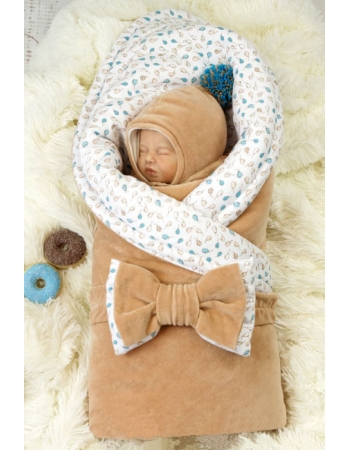 Комплект на выписку демисезонный, Balloons (6 предметов)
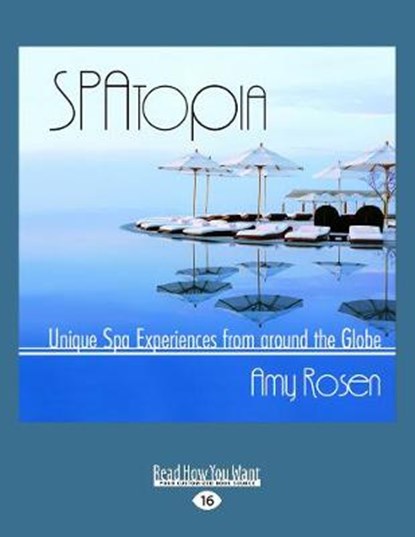 SPAtopia, Amy Rosen - Overig - 9781525258367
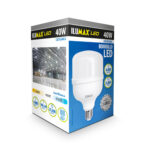 Bombillo  LED 40W Luz Blanca Rosca E27 - Imagen 2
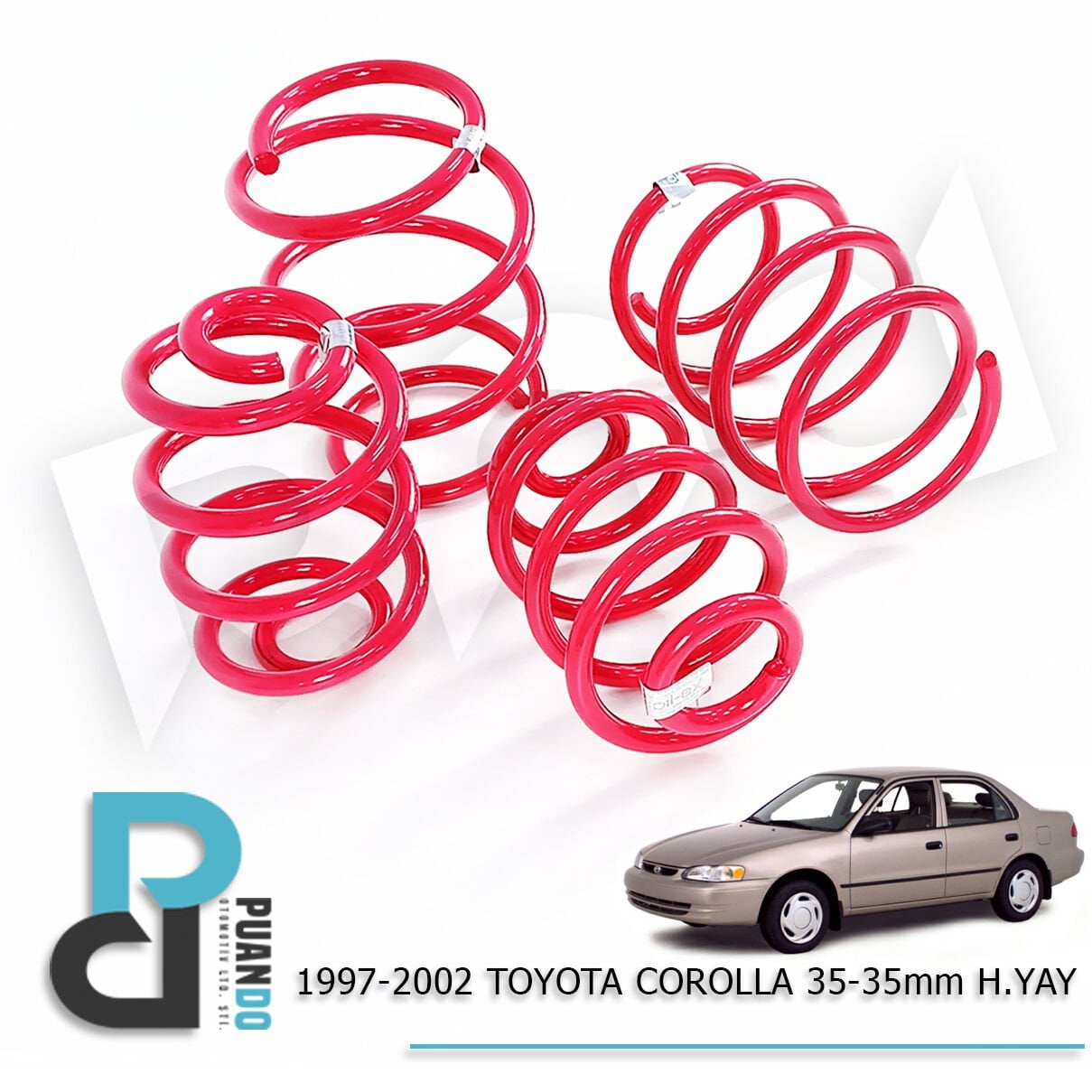 1997-2002 TOYOTA COROLLA 35-35mm H.YAY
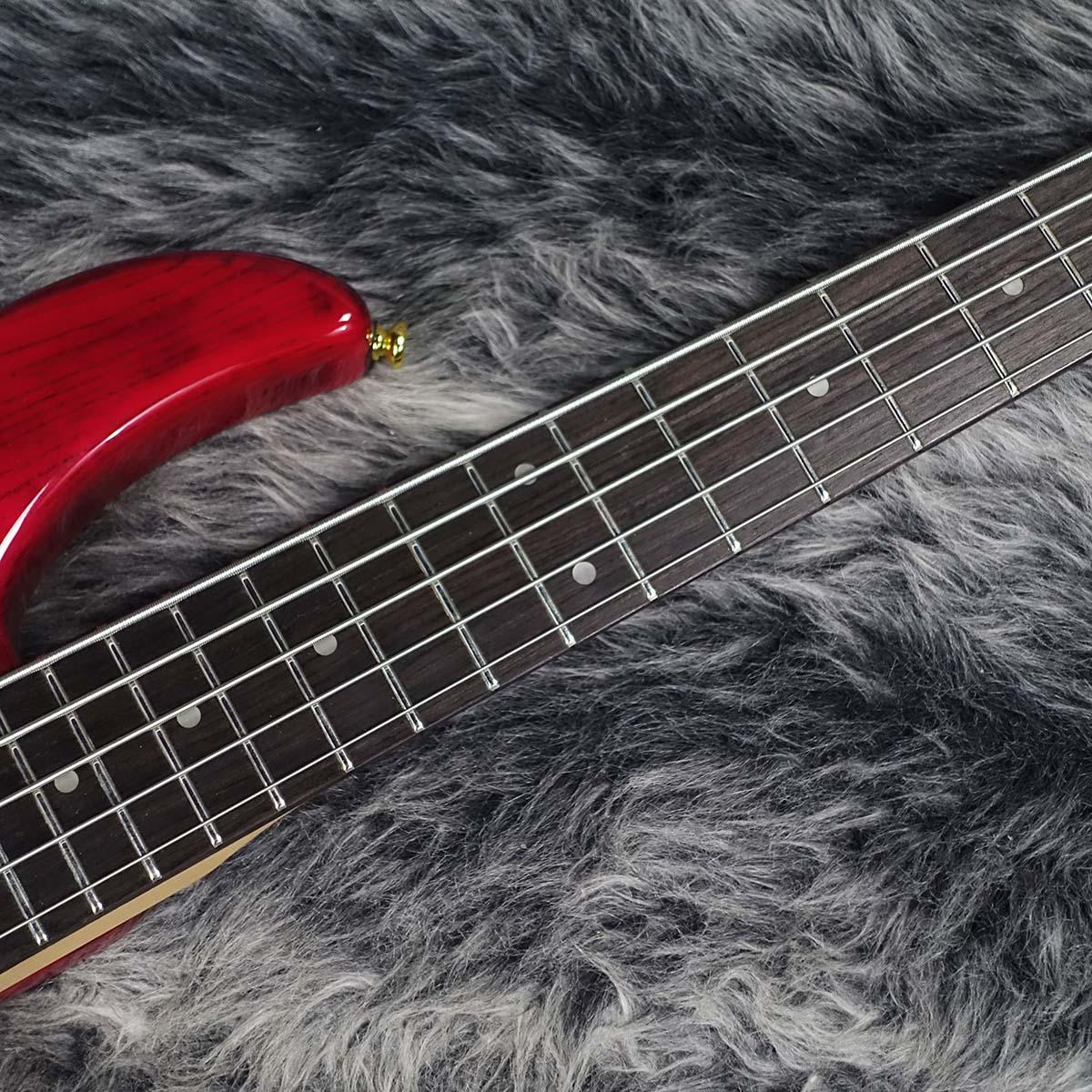RSB-42AR See-through Pink Aria Pro II エレクトリック・ベース JB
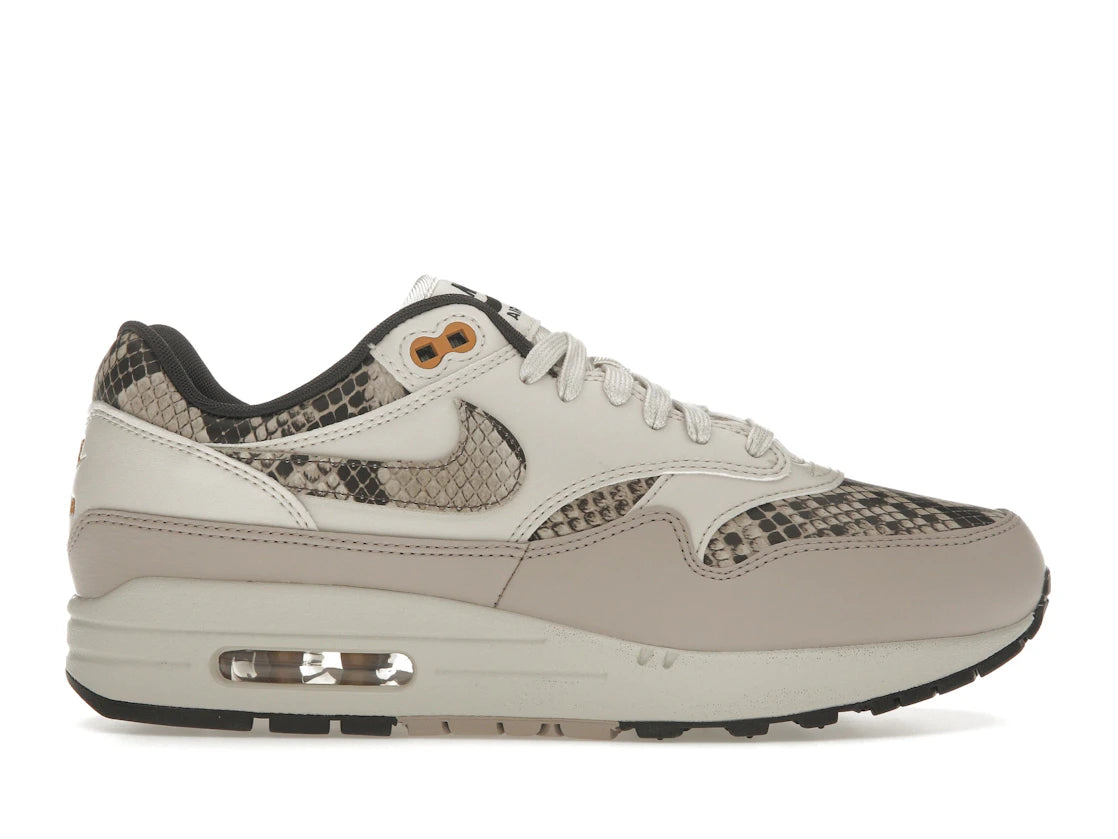 Nike Air Max 1 Snakeskin Light Orewood Brown (Women's)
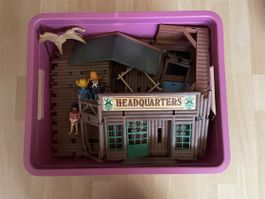 Playmobil Western Set Konvolut guter Zustand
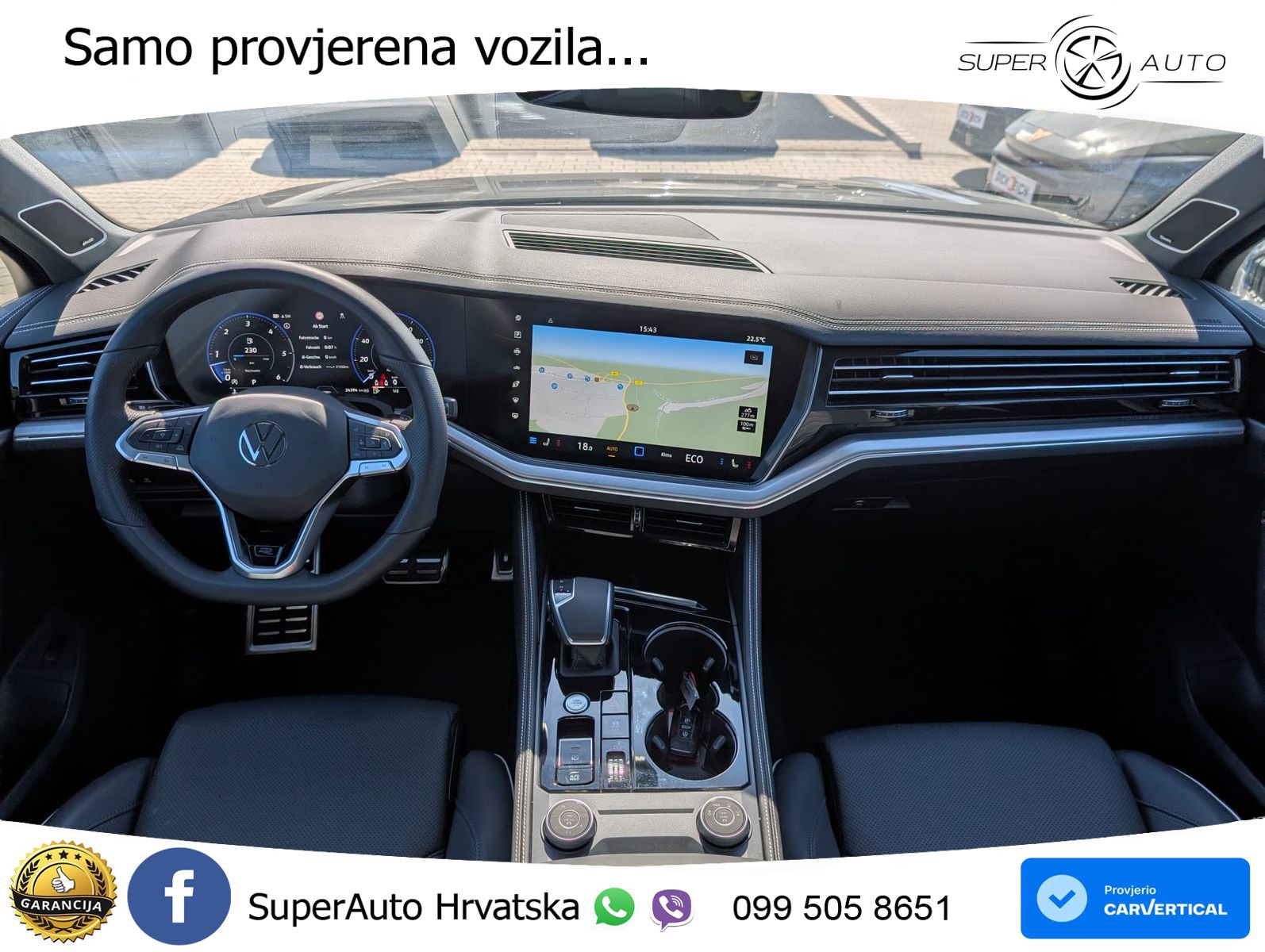 Volkswagen Touareg 3.0 V6 TDI (286 KS) 4MOTION Tiptronic LED+GR SJED+ACC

* _WORK ORDER_:
Would you write out exactly the lines of the data from the one holding "1997-2002 TOYOTA COROLLA 35-35mm H.YAY" to the final line, both included, with pictures left out?

* _RESULT_:
 1997-2002 TOYOTA COROLLA 35-35mm H.YAY
RSB-42AR See-through Pink Aria Pro II エレクトリック・ベース JB
 Nike Air Max 1 Snakeskin Light Orewood Brown (Women's)
 Playmobil Western Set Konvolut guter Zustand
 Volkswagen Touareg 3.0 V6 TDI (286 KS) 4MOTION Tiptronic LED+GR SJED+ACC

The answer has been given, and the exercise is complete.